### RECORDS FOR THE EXERCISE
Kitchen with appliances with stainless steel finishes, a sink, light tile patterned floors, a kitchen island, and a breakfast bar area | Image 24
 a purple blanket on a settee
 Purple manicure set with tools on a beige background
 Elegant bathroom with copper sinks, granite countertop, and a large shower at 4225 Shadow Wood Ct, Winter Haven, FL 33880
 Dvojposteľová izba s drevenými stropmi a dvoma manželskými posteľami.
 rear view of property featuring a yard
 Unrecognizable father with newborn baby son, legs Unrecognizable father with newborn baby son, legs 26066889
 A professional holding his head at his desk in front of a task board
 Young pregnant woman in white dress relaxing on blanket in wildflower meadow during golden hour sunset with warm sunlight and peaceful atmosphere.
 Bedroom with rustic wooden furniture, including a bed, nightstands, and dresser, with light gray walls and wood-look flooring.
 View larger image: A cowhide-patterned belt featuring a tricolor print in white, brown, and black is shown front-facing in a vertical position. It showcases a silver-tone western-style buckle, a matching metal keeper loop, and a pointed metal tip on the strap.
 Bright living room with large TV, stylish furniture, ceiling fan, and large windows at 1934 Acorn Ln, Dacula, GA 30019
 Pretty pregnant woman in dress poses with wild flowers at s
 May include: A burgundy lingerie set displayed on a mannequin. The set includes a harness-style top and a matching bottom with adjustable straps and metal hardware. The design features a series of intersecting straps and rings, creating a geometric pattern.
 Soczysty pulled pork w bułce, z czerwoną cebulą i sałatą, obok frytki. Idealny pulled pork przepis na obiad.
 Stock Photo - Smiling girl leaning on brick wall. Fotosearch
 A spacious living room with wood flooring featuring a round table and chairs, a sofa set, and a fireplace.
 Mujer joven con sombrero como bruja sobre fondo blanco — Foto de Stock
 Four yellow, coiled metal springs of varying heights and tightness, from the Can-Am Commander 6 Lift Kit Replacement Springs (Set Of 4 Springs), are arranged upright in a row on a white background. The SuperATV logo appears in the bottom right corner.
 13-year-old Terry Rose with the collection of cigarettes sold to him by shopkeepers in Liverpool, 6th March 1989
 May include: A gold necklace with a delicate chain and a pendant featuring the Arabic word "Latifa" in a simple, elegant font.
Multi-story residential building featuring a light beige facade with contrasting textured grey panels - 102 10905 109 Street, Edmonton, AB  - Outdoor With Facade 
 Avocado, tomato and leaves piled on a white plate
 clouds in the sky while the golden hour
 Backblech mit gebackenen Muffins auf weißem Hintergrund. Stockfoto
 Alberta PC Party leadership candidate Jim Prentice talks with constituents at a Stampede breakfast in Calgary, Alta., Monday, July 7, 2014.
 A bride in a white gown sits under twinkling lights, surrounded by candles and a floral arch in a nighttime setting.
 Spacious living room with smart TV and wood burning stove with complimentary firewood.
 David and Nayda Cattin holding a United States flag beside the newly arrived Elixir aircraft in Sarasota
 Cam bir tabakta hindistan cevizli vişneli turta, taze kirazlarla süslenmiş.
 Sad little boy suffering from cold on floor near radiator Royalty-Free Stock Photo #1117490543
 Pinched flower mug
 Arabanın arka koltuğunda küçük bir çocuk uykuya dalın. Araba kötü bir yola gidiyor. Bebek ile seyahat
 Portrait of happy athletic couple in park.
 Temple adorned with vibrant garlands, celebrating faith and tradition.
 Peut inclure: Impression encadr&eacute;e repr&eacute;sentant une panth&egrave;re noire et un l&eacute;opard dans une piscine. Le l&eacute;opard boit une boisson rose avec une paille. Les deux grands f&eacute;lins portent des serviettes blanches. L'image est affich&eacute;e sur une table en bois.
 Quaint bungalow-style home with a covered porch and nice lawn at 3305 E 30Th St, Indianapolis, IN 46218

### WORK TO COMPLETE
The range runs from the line above containing "Alberta PC Party" to the line containing "A bride in a", inclusive. Restate those lines word for word and no others.

### OUTPUT BELOW
 Alberta PC Party leadership candidate Jim Prentice talks with constituents at a Stampede breakfast in Calgary, Alta., Monday, July 7, 2014.
 A bride in a white gown sits under twinkling lights, surrounded by candles and a floral arch in a nighttime setting.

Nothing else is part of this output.